# Getting Powerpoint to start in slide show view



## campingshadow (Dec 25, 2005)

I have created a PP presentation that I want to distribute to class members on a CD. I want them to be able to just click on the file and have it open in slide show view and automatically start the slide show. Or, if possible, just insert the CD and have it auto start the slide show. Is there a way to do this?

Currently, when I click on the file it goes to Normal view. And of course I see the PP workspace area. I want the viewer to just see the presentation. What settings do I need to change to make it open with slide show view? 

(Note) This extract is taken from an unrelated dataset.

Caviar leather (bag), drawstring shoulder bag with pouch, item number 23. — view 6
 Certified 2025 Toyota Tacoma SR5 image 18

I am pulling my hair out over this. And, of course, I have a deadline fast approaching. Any help is greatly appreciated.


----------



## scottydont2841 (Aug 3, 2005)

Hi, from what I can work out, by literally just trying to solve it myself. If you go to save as, and then save as powerpoint show, it will save as the type that opens directly to the presentation without having to click the button to start presentation.

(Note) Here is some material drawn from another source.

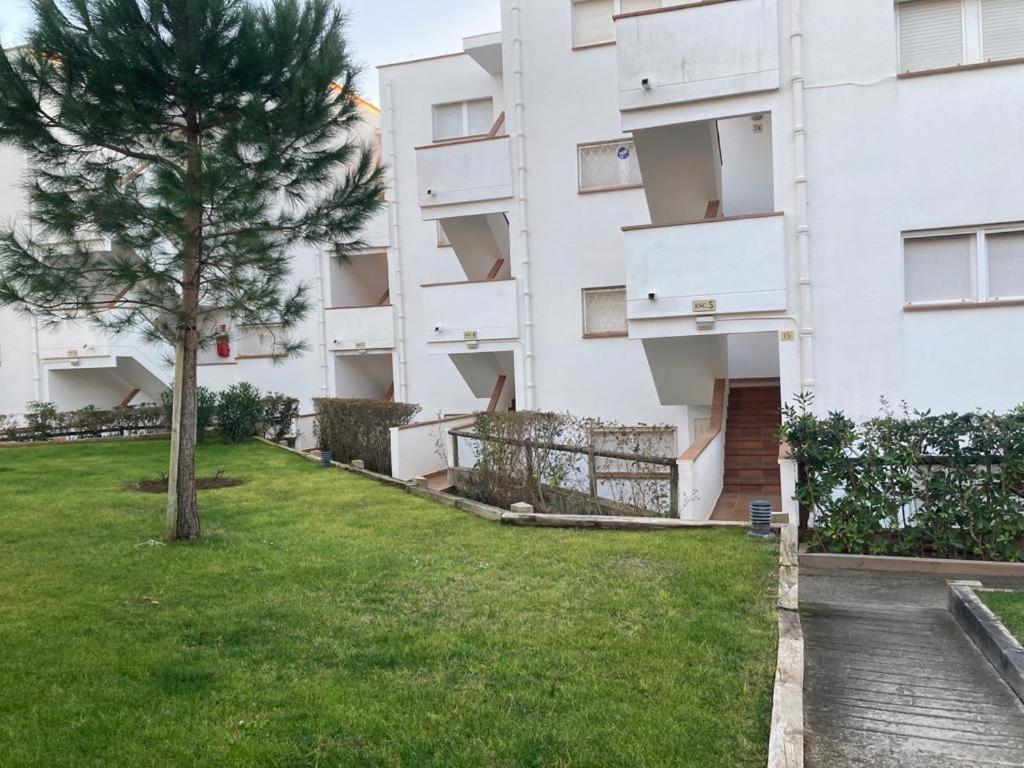Apartamento Edificio Lirios Politur Платья-де-Аро Экстерьер фото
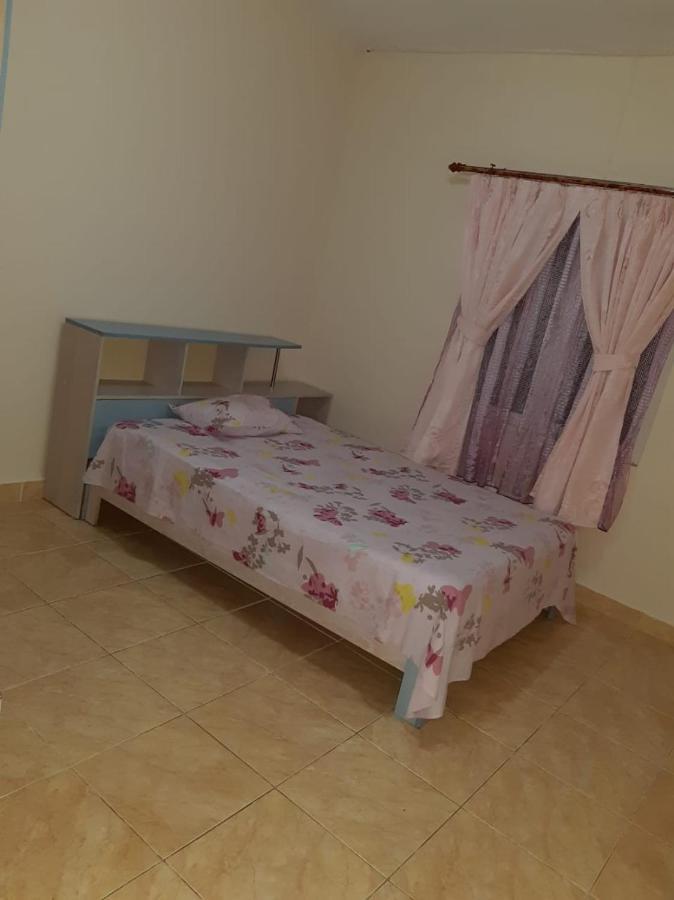 Rs Villas - Three Bedrooms Share Apartment With Private Room And Free Wifi And 100Mts To The Beach And Ac And 100Mts To Bus Stop And Pool Flic-en-Flacq Exterior foto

As for the CD, it will probably autorun and bring up the files, but the users will have to click the show to open it.


----------



## campingshadow (Dec 25, 2005)

Scotty........Many thanks. That solved my problem of trying to get it to open as a slide show. I never thought of the Save As option! Now I will work on the CD part. But the major stumbling block is fixed. Yea!


----------



## scottydont2841 (Aug 3, 2005)

Lol you're welcome. 

Good luck with the presentation mate.


----------